Safety safeguarded: “Manufacturers throughout the chemical, pharmaceutical, and food and beverage supply chains prioritize Americans’ health and safety,” Timmons emphasized.
- “They comply with strict regulatory guidelines and lead with innovation to deliver safe and reliable products, ensure resilient and secure supply chains, safeguard health, preserve consumer choice and enhance accessibility and affordability.”
The bottom line: “Manufacturers are committed to working with the administration to ensure our industry can continue to deliver safe, innovative and affordable products to American families. But the strategy of the MAHA report will take America in the wrong direction.”
NAM in action: The NAM this week launched a new national ad showcasing the vital role that manufacturers throughout the food and beverage supply chain play in strengthening families, building communities and driving the nation forward—and, of course, providing safe and nutritious food.
Data Center Group: Streamline Nuclear Energy Approvals Now
The U.S. must streamline nuclear power licensing if it’s going to meet surging power demand, the American data center sector told the Nuclear Regulatory Commission recently (POLITICO Pro’s ENERGYWIRE, subscription).
What’s going on: “In a letter sent Aug. 28 to NRC Chair David Wright and shared exclusively with POLITICO, the Data Center Coalition (DCC)—which represents major data infrastructure operators—urged the agency to update its regulations to ensure quicker deployment of advanced nuclear reactors, including small modular reactors and microreactors.”
- The NRC should collaborate with the Energy Department and other federal agencies to amend regulatory requirements that will speed up reactor deployment, the DCC added, while recommending that the administration adopt simpler environmental assessments, leverage artificial intelligence in site evaluations and speed up licensing for standardized reactors.
The backdrop: In May, President Trump signed four nuclear energy-related executive orders.
- These gave the NRC deadlines for approving reactors, called for the NRC’s reorganization and gave the Energy and Defense departments greater say in commercial reactor licensing.
- The DCC’s letter arrives as the NRC implements provisions of the NAM-supported, bipartisan ADVANCE Act, which required streamlined nuclear licensing.

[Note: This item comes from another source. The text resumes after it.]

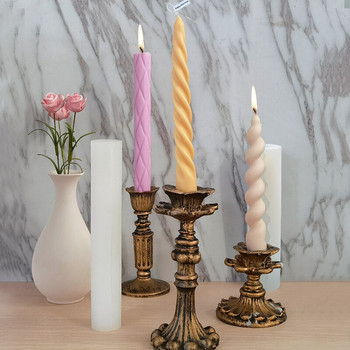 Романтична спирала с дълъг полюс Силиконова форма за свещи Направи си сам Геометрия Кръгла свещ за правене на сапунена форма от смола Ръчно изработен подарък Домашен декор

Why it’s important: There’s a pressing need for “diversified power sources” given the increasing global appetite for artificial intelligence and the accompanying fast growth of data centers.
- U.S. power demand is expected to rise 8% by 2029 following “years of stagnant growth.”
- Politically, there’s a push toward carbon-free baseload power, which makes nuclear an attractive option.
Yes, but … For the nuclear industry to take advantage of this opportunity, “the NRC must shift gears,” according to the DCC.
- This should include amending the NRC’s Part 53 draft rule—which “would create a new category of licensing for the kind of smaller reactors the power industry has been trying to get off the ground for decades”—to instead extend “risk-informed flexibility” into current licensing paths.
NAM in action: The NAM has been one of the foremost advocates of expanding the U.S. nuclear industry, advising policymakers that it should become a central source of energy in the AI age.
- “Nuclear energy is a safe, emissions-free component of America’s energy dominance strategy. It’s also essential for meeting additional energy needs that have arisen with the growth in data centers and the use of AI,” NAM Vice President of Domestic Policy Chris Phalen said recently.